Content starts

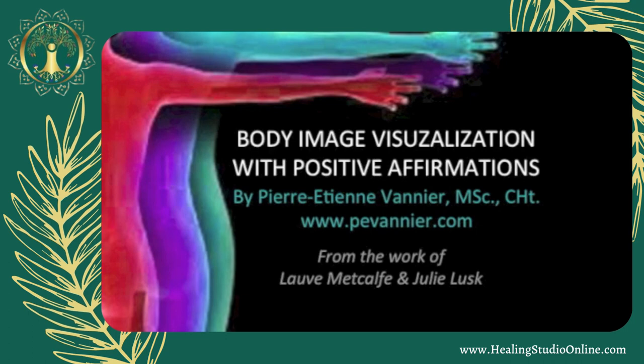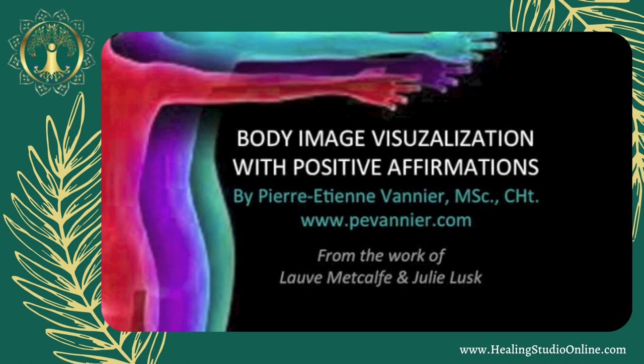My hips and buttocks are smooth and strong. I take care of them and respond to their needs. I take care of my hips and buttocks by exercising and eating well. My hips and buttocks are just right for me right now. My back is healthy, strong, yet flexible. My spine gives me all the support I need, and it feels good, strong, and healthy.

Content ends
Content starts

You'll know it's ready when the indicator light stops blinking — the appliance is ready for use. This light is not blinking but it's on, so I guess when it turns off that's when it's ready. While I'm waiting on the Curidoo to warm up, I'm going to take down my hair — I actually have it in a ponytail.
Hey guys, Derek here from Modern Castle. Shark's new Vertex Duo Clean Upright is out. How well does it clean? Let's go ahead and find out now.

Content ends
Content starts

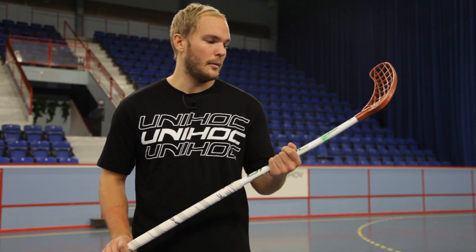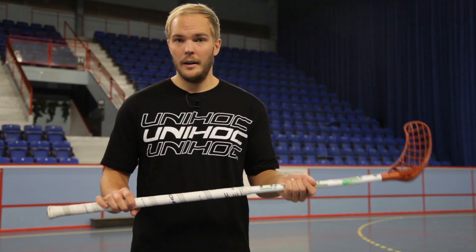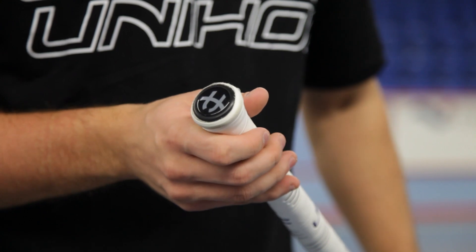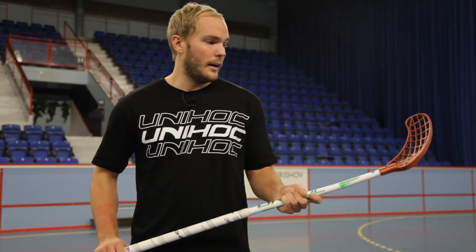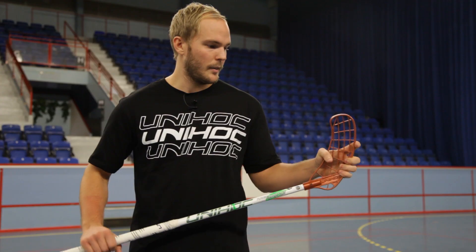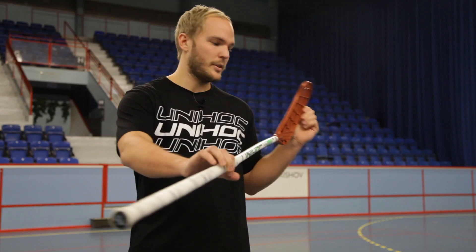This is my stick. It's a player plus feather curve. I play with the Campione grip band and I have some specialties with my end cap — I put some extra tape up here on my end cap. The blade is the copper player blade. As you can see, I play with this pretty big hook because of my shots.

Content ends

Every line above from the line with "You'll know it's" to the line with "Hey guys, Derek", both included, must be reproduced exactly, and no other line may appear.

Answer to this exercise:
You'll know it's ready when the indicator light stops blinking — the appliance is ready for use. This light is not blinking but it's on, so I guess when it turns off that's when it's ready. While I'm waiting on the Curidoo to warm up, I'm going to take down my hair — I actually have it in a ponytail.
Hey guys, Derek here from Modern Castle. Shark's new Vertex Duo Clean Upright is out. How well does it clean? Let's go ahead and find out now.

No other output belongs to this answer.